» Task statement:
Set the records down again exactly, apart from any pictures in them.

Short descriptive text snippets
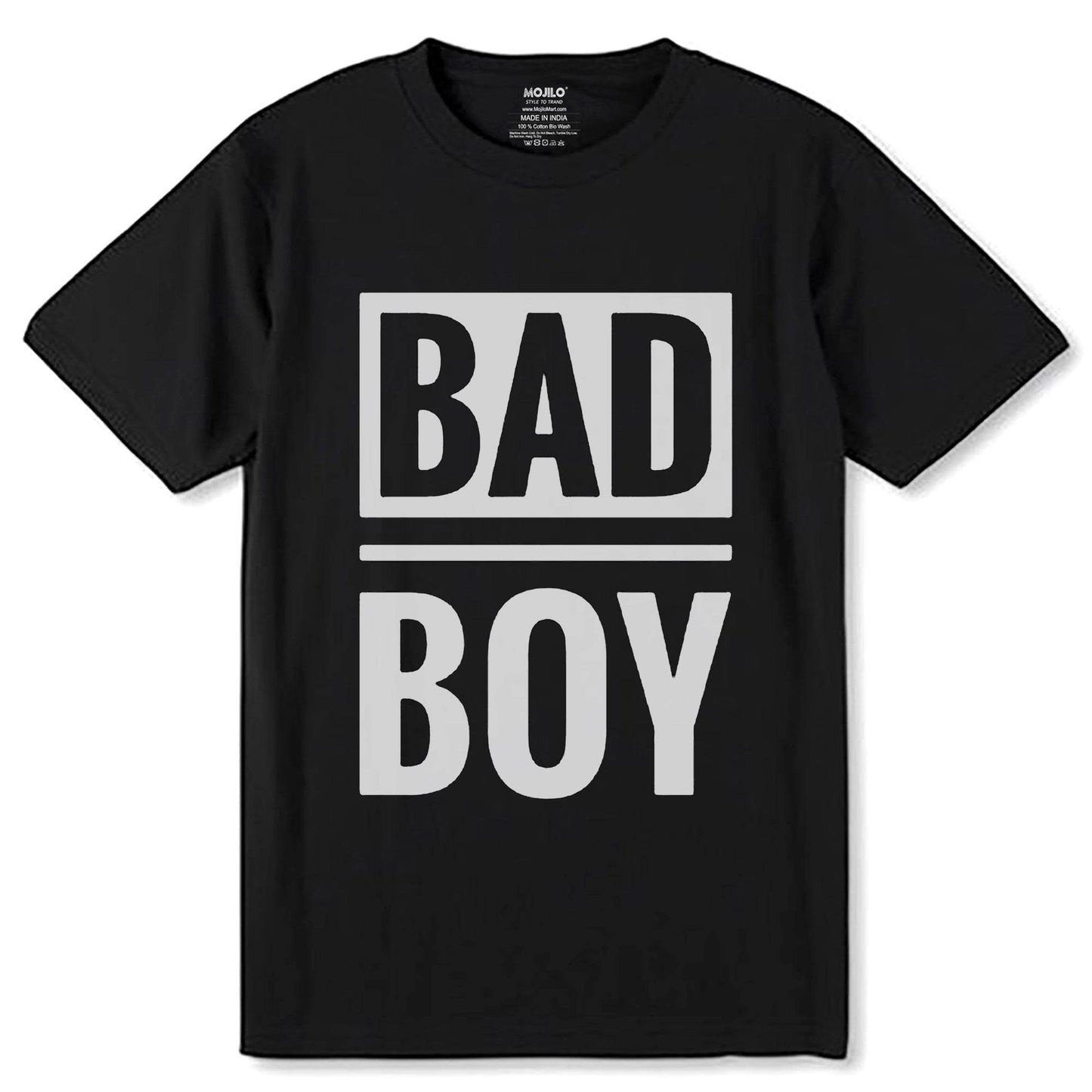 BAD BOY - Unisex Round Neck Regular Fit 100% Combed Cotton Half Sleeve T-Shirt - Mojilo Mart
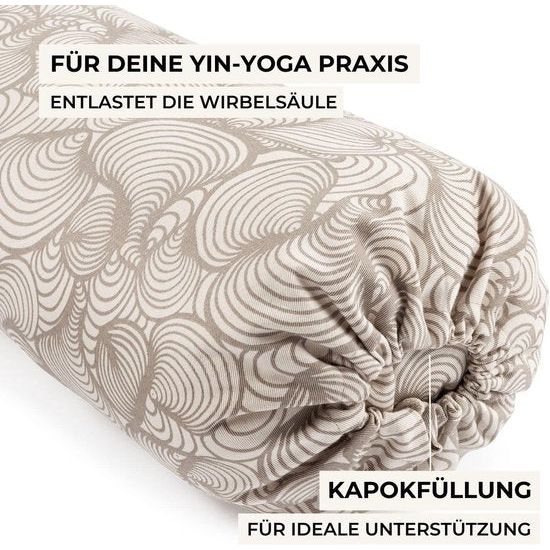 Yogabolster voor Yin Yoga - Yogabolster met Kapok-vulling - Wasbare katoenen hoes - Yogakussen groot voor restauratieve yoga (speciale editie)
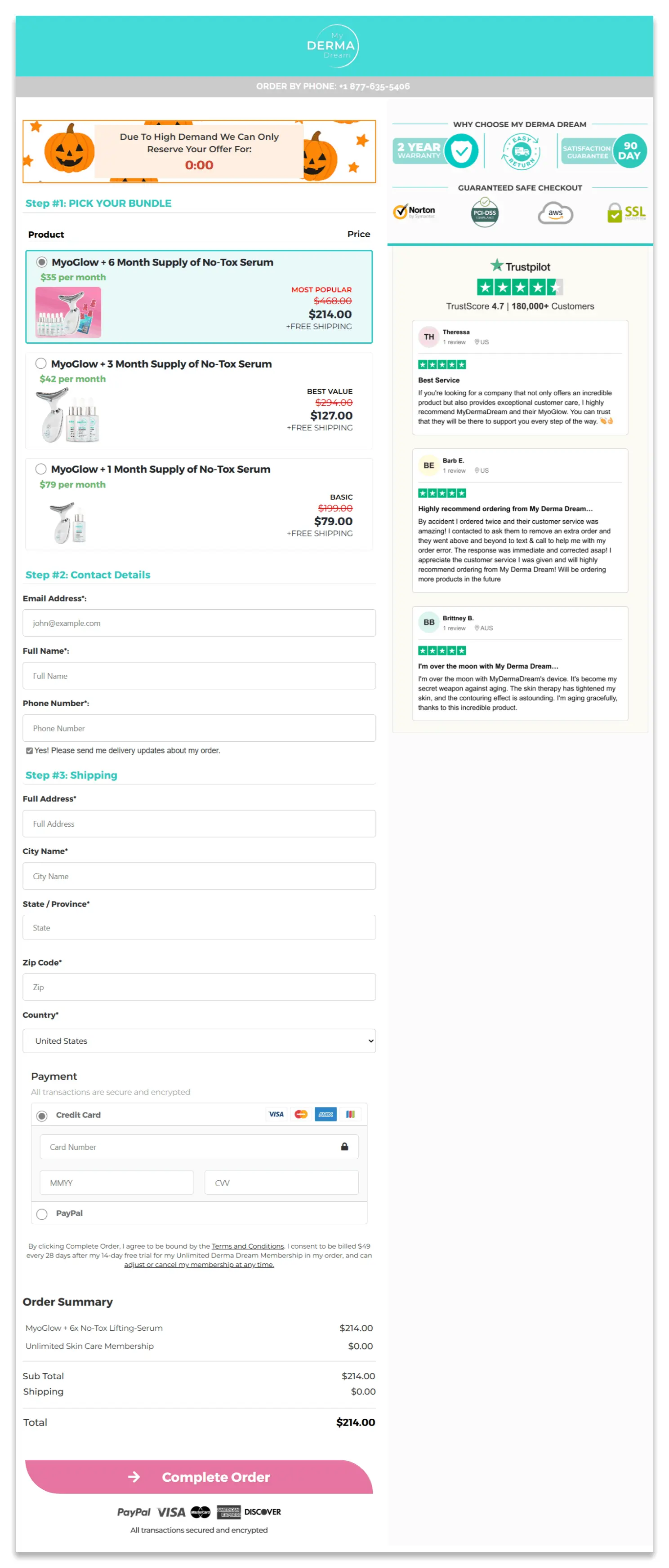 MyoGlow secure checkout page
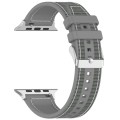 For Apple Watch Series 5 40mm Ordinary Buckle Hybrid Nylon Braid Silicone Watch Band(Grey)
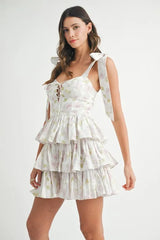 MABLE Floral Print Shoulder Tie Layered Mini Dress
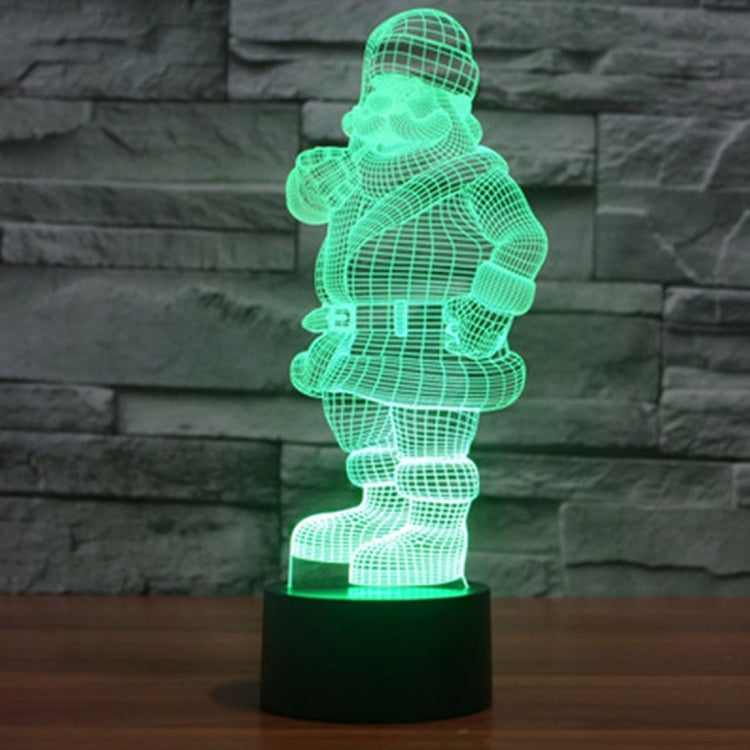Lampada da scrivania con lampada stereo visiva creativa a 7 colori, luce notturna, Santa Claus Style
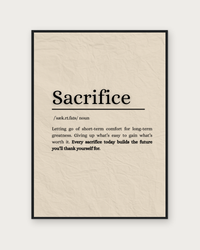 Sacrifice poster in black wood frame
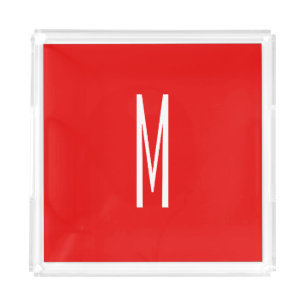 Initial Letter Monogram Modern Style Red White Acrylic Tray
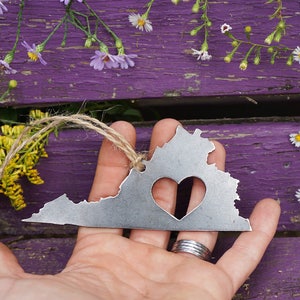 Virginia State Ornament made with Raw Steel Anniversary Gift Wedding Gift Party Favor Welcome Gift New House Gift Sustainable Gift image 1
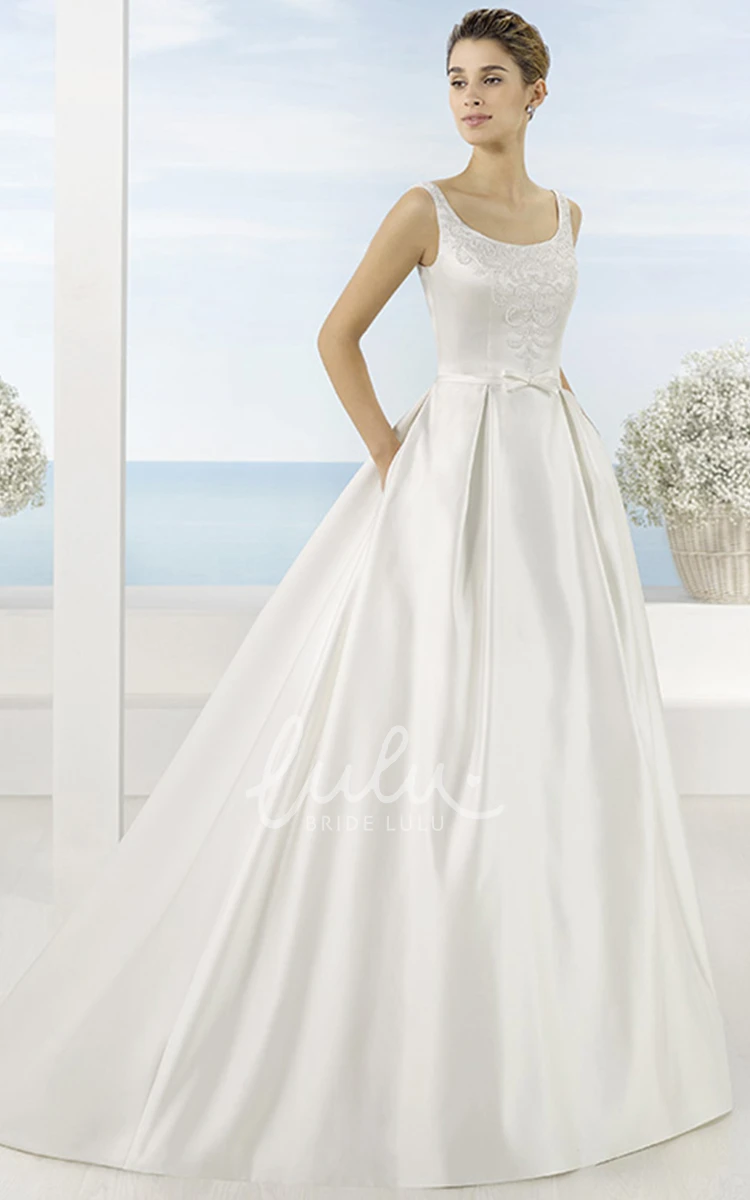 Maxi Beaded Satin Wedding Dress with Square Neckline and Sweep Train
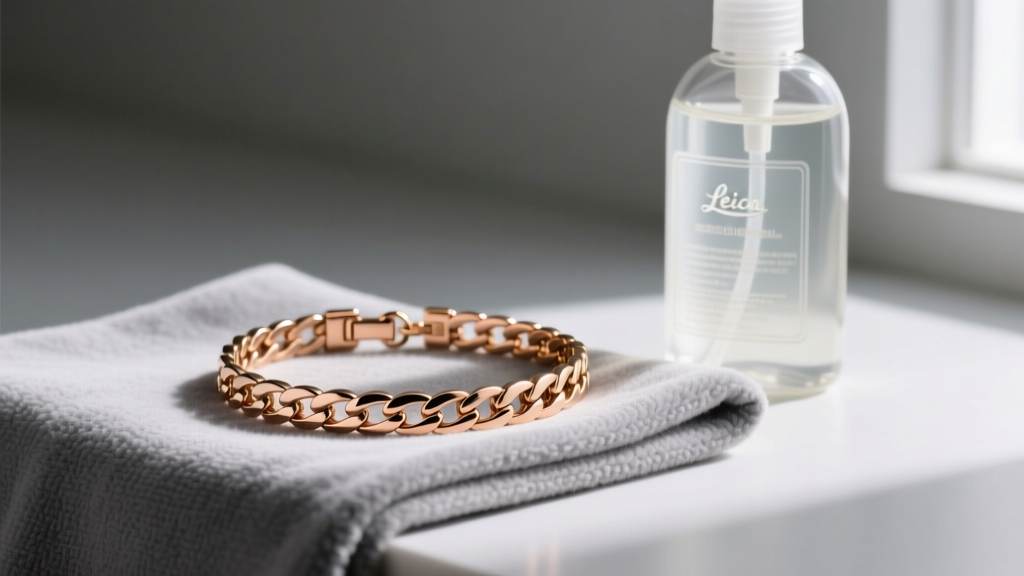 Side view of an 18k rose gold tennis bracelet drying on a gray microfiber cloth next to a bottle of mild liquid dish soap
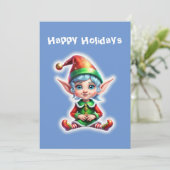 Schattige Kerstelf Feestdagenkaart (Staand voorkant)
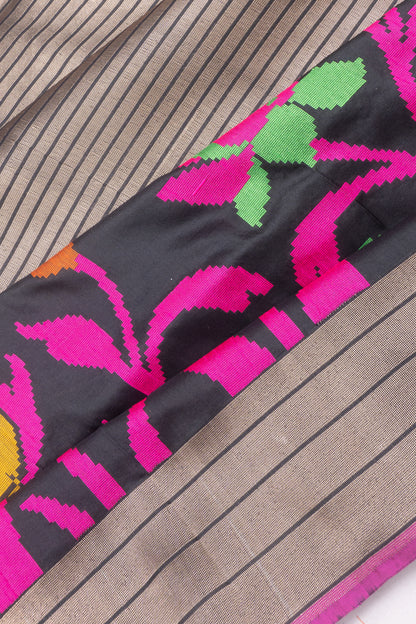 Banarasi Silk Half And Half Lines And Brocade Black Saree
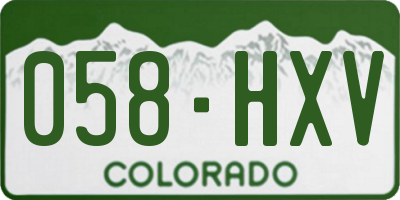 CO license plate 058HXV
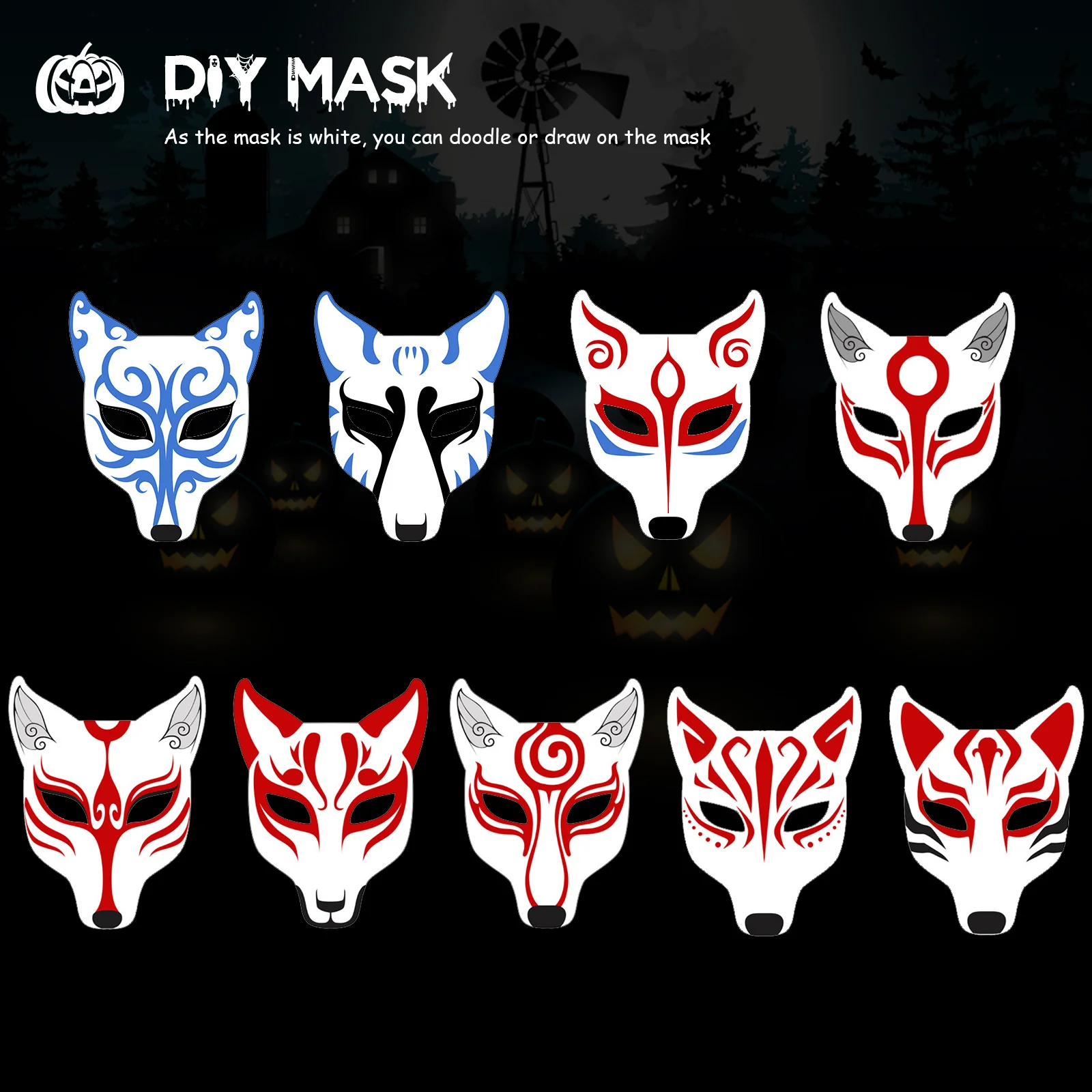 Halloween Costumes White Fox DIY Mask Cosplay Face Cover Masks Facial Unpainted Masquerade Dress up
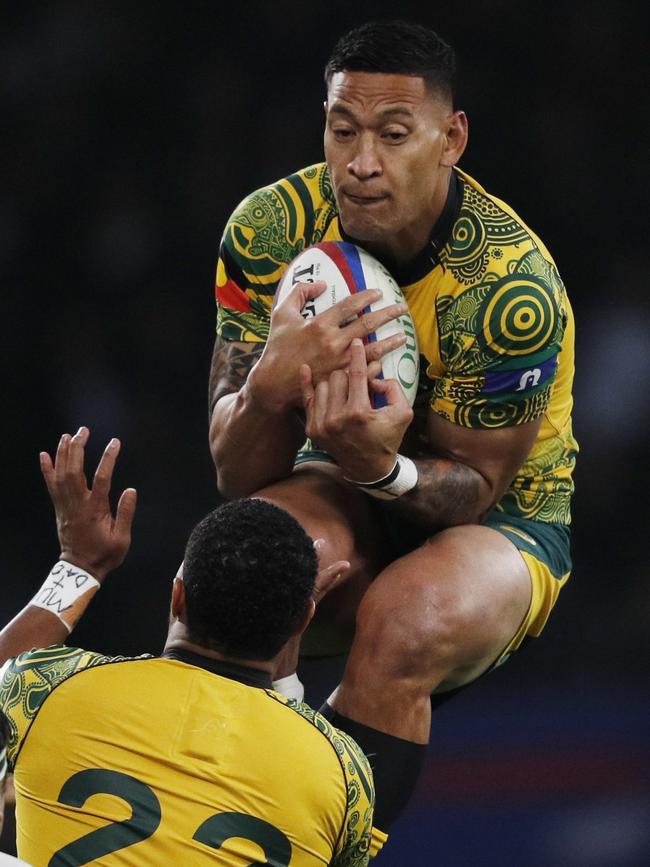 Folau playing for the Wallabies. Picture: Adrian Dennis/AFP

» Written response:
 BAD BOY - Unisex Round Neck Regular Fit 100% Combed Cotton Half Sleeve T-Shirt - Mojilo Mart
 Yogabolster voor Yin Yoga - Yogabolster met Kapok-vulling - Wasbare katoenen hoes - Yogakussen groot voor restauratieve yoga (speciale editie)
 MyoGlow secure checkout page
 For Apple Watch Series 5 40mm Ordinary Buckle Hybrid Nylon Braid Silicone Watch Band(Grey)
 MABLE Floral Print Shoulder Tie Layered Mini Dress
Lampada da scrivania con lampada stereo visiva creativa a 7 colori, luce notturna, Santa Claus Style
 Sacrifice poster in black wood frame
 Initial Letter Monogram Modern Style Red White Acrylic Tray
 Virginia State Ornament made with Raw Steel Anniversary Gift Wedding Gift Party Favor Welcome Gift New House Gift Sustainable Gift image 1
 Maxi Beaded Satin Wedding Dress with Square Neckline and Sweep Train
 Side view of an 18k rose gold tennis bracelet drying on a gray microfiber cloth next to a bottle of mild liquid dish soap
 Schattige Kerstelf Feestdagenkaart (Staand voorkant)
 Banarasi Silk Half And Half Lines And Brocade Black Saree
 CO license plate 058HXV
 Halloween Costumes White Fox DIY Mask Cosplay Face Cover Masks Facial Unpainted Masquerade Dress up
 Folau playing for the Wallabies. Picture: Adrian Dennis/AFP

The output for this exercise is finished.